[Dataset records]
☆ ☆ ☆ ☆ ☆
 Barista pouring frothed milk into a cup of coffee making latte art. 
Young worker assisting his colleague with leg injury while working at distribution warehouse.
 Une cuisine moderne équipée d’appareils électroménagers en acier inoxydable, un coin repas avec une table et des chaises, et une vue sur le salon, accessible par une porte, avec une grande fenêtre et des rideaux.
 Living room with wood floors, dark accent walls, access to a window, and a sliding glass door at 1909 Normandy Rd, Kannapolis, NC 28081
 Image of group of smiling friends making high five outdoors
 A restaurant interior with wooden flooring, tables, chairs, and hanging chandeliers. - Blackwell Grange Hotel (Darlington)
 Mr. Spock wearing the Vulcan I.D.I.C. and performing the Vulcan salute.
☆ ☆ ☆ ☆ ☆
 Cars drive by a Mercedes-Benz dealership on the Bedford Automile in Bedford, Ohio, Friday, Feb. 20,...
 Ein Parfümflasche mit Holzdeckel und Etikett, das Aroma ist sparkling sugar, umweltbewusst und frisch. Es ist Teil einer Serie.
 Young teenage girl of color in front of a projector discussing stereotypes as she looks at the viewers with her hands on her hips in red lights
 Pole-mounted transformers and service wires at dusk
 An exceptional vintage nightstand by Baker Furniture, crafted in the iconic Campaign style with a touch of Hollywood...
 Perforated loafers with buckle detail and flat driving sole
☆ ☆ ☆ ☆ ☆
What you are asked to do
Of all the entries above, repeat only the lines from the line that has "Young worker assisting" to the line that has "Mr. Spock wearing", both lines included, exactly.

Response
Young worker assisting his colleague with leg injury while working at distribution warehouse.
 Une cuisine moderne équipée d’appareils électroménagers en acier inoxydable, un coin repas avec une table et des chaises, et une vue sur le salon, accessible par une porte, avec une grande fenêtre et des rideaux.
 Living room with wood floors, dark accent walls, access to a window, and a sliding glass door at 1909 Normandy Rd, Kannapolis, NC 28081
 Image of group of smiling friends making high five outdoors
 A restaurant interior with wooden flooring, tables, chairs, and hanging chandeliers. - Blackwell Grange Hotel (Darlington)
 Mr. Spock wearing the Vulcan I.D.I.C. and performing the Vulcan salute.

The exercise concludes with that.